閉園間際の恋人たち




連休明け、少しの気怠さはありつつも、底抜けに元気な5歳…いや6歳児にこれでもかとパワーを振りかけてもらって、私はいつもの時刻に家を出た。
そのパワーの源の6歳児、大和も一緒だ。
大和を引き取る事になった際、私は自分の勤務先にも相談したのだが、同僚も上司も喜んで大和を迎え入れてくれた。
それが、これから大和と向かう ”みなと幼稚園” である。

大学卒業後、幼稚園教諭として働いていた私は、数年前に主任教諭になり、そして先月からは副園長を任されていた。
30代で副園長と聞くと驚く人もいるけれど、私の周りでは特に珍しい話でもない。
園長は50代だが、運営母体の学校法人理事長は40半ばだったはずだ。

私の勤める幼稚園は系列でいくつもの保育施設があり、時々ニュースなどで取り上げられるブラック幼稚園とは程遠い職場だった。
給与も手当もスキルアップも、どこを切り取っても不満を訴える職員は見たことがない。
そんな職場だからこそ、去年、大和を引き取るつもりだと報告した時も、どうすれば二人にとってベストなのかを理事長自らが考えてくださったのだ。
大和が通っていた保育園の近くに私が引っ越す選択も浮かんだものの、もともと今年度から私は副園長に就くことが決まっていて、その為には園の近くに居住した方が何かと都合がいい。
しかしながら私が住んでいたのは単身者用のマンションで、大和と暮らすには手狭で……
悩んでいた私に救いの手を差し出してくださったのも、理事長だった。
投資の為に所持していたマンションの一室を、相場よりもかなり低い家賃で貸してくださったのだ。

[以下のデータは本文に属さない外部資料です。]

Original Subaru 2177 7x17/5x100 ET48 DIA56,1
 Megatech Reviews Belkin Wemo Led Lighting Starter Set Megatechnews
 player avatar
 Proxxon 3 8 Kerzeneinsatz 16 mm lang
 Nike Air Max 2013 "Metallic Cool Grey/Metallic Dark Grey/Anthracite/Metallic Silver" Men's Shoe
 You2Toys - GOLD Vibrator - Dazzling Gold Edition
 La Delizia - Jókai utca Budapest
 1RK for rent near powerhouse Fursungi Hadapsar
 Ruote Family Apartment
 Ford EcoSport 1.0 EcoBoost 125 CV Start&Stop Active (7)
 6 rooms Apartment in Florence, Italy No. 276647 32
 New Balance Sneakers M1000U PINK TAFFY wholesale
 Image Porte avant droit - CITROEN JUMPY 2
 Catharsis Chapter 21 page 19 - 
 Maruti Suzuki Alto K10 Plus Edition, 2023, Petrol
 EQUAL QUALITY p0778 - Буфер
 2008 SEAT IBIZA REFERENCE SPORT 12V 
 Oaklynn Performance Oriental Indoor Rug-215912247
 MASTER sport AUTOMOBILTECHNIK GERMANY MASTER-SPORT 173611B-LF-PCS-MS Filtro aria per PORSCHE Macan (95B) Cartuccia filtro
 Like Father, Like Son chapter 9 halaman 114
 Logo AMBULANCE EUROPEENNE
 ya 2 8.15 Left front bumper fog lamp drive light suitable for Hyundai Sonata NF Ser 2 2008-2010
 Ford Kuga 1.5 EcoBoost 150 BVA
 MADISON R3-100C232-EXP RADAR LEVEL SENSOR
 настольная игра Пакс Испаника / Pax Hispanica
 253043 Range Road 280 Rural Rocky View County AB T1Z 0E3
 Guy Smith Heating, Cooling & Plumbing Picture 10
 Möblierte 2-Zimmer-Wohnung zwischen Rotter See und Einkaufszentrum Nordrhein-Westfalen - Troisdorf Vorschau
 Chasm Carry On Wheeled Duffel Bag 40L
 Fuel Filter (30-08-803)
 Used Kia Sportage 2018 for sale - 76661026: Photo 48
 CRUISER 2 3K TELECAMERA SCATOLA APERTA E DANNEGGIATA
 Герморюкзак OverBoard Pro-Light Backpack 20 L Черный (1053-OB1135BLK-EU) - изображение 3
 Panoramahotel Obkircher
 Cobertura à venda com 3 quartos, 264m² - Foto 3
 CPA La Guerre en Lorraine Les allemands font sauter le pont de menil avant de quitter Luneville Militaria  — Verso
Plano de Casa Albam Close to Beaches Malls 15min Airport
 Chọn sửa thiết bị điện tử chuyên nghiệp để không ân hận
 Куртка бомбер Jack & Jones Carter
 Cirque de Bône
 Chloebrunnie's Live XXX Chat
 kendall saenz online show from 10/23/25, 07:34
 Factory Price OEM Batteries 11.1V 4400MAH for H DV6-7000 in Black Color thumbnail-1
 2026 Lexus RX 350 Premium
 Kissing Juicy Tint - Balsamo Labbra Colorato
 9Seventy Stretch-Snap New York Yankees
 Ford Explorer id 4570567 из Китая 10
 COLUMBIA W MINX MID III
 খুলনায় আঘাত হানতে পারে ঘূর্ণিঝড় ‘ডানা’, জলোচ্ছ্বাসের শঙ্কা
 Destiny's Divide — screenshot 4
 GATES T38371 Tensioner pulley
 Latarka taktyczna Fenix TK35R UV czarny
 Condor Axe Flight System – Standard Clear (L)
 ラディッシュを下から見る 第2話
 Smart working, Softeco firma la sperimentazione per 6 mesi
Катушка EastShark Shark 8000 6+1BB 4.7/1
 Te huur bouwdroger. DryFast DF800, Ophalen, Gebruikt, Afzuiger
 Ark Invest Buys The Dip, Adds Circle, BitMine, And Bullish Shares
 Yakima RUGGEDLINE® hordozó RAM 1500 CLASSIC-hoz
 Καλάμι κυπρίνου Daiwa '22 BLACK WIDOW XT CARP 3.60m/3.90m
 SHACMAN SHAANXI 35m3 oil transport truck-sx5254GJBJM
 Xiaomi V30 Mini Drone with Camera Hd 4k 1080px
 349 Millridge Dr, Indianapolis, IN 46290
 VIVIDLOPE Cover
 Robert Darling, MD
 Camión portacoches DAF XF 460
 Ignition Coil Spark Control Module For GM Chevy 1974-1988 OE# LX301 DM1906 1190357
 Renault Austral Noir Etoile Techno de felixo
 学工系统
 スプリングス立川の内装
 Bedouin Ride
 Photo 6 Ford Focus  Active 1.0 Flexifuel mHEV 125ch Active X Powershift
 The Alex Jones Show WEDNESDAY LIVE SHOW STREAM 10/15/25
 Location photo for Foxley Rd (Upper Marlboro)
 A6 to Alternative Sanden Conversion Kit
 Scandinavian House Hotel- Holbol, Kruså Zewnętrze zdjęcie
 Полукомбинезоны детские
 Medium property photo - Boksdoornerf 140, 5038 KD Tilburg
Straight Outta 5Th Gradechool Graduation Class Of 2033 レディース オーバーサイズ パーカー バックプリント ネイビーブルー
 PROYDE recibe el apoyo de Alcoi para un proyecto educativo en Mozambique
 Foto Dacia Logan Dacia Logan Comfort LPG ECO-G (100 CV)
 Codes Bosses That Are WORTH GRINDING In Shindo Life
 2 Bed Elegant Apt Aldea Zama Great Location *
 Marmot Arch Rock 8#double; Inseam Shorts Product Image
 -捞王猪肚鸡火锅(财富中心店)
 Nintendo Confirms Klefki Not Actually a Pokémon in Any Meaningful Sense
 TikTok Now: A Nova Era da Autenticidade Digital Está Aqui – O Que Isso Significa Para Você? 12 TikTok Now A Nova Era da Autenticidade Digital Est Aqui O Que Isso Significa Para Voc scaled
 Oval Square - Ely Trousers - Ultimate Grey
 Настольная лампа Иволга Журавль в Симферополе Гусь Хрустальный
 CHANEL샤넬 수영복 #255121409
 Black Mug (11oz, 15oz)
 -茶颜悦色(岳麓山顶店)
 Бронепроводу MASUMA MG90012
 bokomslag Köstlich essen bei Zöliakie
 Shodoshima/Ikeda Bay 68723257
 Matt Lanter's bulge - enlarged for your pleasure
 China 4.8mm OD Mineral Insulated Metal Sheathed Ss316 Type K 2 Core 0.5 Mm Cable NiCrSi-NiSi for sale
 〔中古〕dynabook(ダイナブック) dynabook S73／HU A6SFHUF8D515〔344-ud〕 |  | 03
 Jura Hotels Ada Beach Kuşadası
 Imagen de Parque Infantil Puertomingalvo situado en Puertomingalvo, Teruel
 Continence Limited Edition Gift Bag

そこまでしていただくのは申し訳ない……そんな常識的な思考に及ばないほどに、当時の私は数多くの手続きや書類に疲弊していた。
突然親友を失った辛さと向き合いながら、大和の心の傷への配慮を最優先させて。
それは私のメンタルを相当消費させて、実家の両親にもかなり心配されたものだ。
だが郊外にある実家を頼るわけにもいかず、私は理事長の申し出に甘えさせていただくことにした。

理事長の所持していた不動産はどれもがハイクラスで、私はその中で最も小さな部屋に住まわせてもらうことにした。
こんな高級マンションの中に私達のような事情ありの一般人が混ざったりして、他の住人から何か言われないだろうかと、小心者ゆえの不安もあったけれど、基本的にこのマンションの住人は他人への関心が薄かったようだ。
だがそんな中でも珍しく、私達によく声をかけてくれる人物がいた。


「おはよう、大和君、琴子ちゃん。連休はどうだった?ファンディーに会いに行くって言ってたけど、楽しめたかな?」


私達とは違うフロアに住んでいる和倉(わくら) 直史(なおふみ)さんである。